Olson said he gets a lot of construction company personnel at the Wood River Inn also, but not as many as last year due to the slowdown in the housing market. His occupancy rates for September were 22 percent lower than in September 2007.
"There has definitely been a decrease in the number of people coming to the valley since the beginning of 2008," he said. "If a new hotel in the north helps bring people to our valley, it has to be a good thing for the valley overall."
In addition to Hotel Ketchum, two other high-end hotel projects are in the pipeline for Ketchum. The Warm Springs Resort, which is currently at the city council level, is a 77-acre development northwest of downtown featuring a five-star hotel with 75 hotel rooms, 45 condominium suites, 30 fractional ownership units and up to 35 additional residences.
The proposed resort would also feature a nine-hole golf course with limited public access, 27 town homes, two estate lots, 25 villas and almost 48,000 square feet of workforce housing for 152 employees. The city of Ketchum estimates the resort will bring in $30.3 million over the first 15 years of development.
A planned-unit development application for the Ketchum Lodge is expected to be submitted to the Ketchum P&Z this month. The mixed-use hotel would be on the Simplot lot across from the Ketchum Post Office on Second Avenue and have 70 hotel rooms and 26 fractional and whole-ownership units, as well as a spa, restaurant, retail space and a central public plaza. The city of Ketchum estimates the hotel would bring in $7.4 million over the first 15 years.

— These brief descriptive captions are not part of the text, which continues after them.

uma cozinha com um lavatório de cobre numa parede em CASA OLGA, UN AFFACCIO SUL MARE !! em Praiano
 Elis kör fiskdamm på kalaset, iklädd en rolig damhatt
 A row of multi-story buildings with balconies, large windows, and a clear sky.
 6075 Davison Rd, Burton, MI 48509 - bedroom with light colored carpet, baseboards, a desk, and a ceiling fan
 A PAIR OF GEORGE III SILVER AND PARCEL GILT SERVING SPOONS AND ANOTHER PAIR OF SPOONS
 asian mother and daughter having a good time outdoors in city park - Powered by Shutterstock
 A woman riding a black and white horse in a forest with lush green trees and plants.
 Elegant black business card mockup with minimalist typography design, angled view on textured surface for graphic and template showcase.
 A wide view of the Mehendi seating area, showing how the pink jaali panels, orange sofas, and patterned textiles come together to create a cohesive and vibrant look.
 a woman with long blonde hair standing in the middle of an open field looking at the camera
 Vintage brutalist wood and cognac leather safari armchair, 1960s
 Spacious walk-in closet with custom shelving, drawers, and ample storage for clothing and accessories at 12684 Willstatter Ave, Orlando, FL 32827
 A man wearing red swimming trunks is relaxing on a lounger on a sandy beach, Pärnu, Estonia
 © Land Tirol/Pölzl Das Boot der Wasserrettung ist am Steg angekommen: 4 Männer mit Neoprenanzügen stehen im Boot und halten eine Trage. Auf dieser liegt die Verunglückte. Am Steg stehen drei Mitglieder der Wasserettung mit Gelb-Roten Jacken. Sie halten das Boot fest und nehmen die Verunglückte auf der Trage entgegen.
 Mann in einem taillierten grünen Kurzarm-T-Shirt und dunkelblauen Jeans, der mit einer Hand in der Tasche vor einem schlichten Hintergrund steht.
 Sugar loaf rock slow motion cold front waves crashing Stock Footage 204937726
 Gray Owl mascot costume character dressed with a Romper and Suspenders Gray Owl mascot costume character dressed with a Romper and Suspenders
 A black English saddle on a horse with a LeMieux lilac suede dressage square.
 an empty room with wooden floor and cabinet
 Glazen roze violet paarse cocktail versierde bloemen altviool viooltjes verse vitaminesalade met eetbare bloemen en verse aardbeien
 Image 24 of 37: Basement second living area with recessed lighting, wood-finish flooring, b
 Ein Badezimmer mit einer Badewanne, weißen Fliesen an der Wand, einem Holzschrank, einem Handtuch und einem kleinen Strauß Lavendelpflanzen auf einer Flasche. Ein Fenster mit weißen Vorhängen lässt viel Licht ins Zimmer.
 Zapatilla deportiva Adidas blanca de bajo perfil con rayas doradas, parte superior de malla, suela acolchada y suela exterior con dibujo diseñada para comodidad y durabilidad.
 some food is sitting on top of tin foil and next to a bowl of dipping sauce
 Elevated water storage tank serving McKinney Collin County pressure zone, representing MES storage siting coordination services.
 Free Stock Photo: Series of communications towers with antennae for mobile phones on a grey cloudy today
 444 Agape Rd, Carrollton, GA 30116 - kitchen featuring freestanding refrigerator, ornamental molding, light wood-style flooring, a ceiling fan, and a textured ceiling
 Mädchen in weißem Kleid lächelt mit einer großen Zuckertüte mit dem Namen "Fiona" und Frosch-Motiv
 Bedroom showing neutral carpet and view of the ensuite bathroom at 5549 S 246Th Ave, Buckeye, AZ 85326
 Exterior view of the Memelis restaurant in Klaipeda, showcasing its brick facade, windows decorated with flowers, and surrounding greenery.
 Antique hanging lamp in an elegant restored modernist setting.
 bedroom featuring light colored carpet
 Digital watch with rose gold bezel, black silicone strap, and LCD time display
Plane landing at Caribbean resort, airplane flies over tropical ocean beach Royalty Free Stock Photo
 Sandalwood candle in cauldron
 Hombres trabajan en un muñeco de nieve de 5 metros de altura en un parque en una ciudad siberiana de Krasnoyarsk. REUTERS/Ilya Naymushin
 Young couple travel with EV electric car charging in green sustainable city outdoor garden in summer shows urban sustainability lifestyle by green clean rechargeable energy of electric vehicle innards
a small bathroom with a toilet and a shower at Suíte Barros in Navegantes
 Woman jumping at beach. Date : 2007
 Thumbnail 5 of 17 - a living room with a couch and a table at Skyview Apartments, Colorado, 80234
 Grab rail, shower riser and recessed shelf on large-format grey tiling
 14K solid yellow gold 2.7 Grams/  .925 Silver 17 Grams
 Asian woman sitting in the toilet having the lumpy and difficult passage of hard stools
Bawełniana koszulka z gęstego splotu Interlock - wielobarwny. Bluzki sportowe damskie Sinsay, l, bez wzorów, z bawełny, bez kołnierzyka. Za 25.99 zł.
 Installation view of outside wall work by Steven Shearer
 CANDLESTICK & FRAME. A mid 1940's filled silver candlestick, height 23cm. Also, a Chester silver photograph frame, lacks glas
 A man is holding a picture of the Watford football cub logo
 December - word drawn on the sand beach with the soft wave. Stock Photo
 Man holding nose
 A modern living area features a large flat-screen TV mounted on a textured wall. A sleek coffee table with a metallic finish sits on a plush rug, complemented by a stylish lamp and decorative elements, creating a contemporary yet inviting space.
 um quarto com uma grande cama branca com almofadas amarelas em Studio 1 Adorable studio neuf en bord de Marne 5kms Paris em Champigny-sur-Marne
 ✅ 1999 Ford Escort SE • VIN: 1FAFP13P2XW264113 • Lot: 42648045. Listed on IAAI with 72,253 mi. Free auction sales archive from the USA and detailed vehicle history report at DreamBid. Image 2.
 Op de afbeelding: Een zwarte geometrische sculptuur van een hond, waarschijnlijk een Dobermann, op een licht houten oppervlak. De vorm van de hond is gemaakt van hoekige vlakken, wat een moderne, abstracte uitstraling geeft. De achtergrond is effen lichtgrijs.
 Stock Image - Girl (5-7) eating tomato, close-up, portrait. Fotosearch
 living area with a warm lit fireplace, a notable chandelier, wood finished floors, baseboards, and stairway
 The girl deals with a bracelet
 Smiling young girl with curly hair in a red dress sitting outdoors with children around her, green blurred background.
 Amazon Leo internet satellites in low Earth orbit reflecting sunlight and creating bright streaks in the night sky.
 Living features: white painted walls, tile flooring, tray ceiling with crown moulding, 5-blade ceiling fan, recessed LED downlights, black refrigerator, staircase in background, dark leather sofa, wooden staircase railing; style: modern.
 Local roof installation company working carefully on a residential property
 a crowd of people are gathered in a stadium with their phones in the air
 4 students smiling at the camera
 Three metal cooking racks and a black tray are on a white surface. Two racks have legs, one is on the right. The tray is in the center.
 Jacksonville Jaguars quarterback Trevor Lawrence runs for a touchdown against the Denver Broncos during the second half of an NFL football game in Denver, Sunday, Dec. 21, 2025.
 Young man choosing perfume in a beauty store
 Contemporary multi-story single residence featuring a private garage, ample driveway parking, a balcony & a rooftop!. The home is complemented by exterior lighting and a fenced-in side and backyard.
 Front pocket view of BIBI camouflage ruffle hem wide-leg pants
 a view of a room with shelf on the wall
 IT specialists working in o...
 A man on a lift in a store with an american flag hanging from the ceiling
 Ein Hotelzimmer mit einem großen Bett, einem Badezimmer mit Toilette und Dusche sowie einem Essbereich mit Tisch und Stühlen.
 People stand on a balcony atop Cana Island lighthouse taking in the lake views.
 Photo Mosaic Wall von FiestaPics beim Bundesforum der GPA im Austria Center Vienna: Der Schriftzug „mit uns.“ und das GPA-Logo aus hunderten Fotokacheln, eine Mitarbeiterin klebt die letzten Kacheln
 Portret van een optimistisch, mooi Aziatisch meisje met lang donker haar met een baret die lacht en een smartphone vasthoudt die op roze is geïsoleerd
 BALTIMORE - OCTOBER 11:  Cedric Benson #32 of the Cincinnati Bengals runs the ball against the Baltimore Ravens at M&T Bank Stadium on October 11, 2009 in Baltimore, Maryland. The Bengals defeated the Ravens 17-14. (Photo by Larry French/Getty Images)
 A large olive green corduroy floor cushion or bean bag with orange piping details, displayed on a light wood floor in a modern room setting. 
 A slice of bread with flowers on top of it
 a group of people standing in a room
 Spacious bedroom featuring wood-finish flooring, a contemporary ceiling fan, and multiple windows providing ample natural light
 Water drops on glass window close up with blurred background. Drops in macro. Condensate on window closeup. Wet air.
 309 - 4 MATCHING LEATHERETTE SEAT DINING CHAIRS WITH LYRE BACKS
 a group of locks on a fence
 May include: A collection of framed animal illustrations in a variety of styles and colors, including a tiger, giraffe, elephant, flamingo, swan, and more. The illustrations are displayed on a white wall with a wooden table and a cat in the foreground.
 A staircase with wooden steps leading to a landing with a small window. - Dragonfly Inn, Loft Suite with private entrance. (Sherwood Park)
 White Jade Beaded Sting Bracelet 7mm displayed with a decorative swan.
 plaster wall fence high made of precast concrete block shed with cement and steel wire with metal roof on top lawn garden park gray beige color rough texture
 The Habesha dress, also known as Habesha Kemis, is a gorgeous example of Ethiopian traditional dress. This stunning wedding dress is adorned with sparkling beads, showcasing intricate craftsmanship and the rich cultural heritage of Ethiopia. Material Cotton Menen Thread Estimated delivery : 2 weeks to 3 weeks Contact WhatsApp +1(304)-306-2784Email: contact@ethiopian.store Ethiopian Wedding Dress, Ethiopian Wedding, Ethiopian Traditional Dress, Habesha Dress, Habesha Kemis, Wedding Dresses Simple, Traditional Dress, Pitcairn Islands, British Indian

But in these economic times, it is uncertain how many of these plans will come to fruition. Bariteau told the Mountain Express recently that he would have to raise private equity to pay for the $65 million Hotel Ketchum, which could take a year.
"The conventional debt markets for this type of project don't exist any more," he said. "The doors are closed."
Because of the difficulty in obtaining funding, the council granted Bariteau two years to commence construction, instead of the one year permitted by city ordinance.